旅館・ホテルは専門的な運営能力、質の高いサービス提供能力が要求される一方で、離職率の高さによりスタッフ教育に苦労することが多い。スタッフの能力レベルの底上げを図るためには、業務マニュアルの作成・運用が不可欠であるが、作り方が分からない、昔導入したもののいつの間にかうやむやになってしまったという声をよく聞く。
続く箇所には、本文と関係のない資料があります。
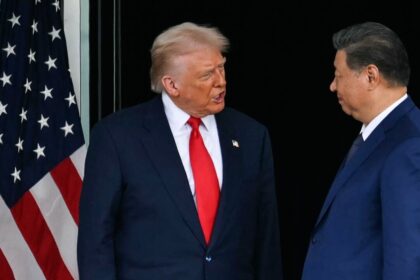 trump’s-unpredictability-keeps-beijing-off-balance:-analysts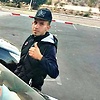 Abdo-24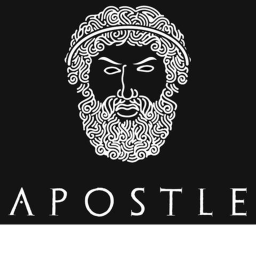 Apostle Tactical Homestore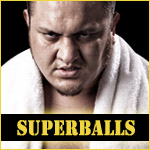 xwf Superballs (1)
今回コラムでは、業務マニュアルを上手に作成するための手順を紹介しよう。作成するにあたって重要となるポイントだけでなく、運用・定着化のコツも紹介したい。
1、業務マニュアルの構成を考える
はじめに、業務マニュアルの目的を決めよう。一概にマニュアルといっても、目的によって資料の構成は大きく異なる。新人スタッフ(派遣スタッフ含む)の育成を目的にするのであれば、会社の考え方や職場のルール、接客の基本、衛生管理、用語集を重点的にまとめると良い。今回コラムでは新人スタッフ向けを想定して説明することとする。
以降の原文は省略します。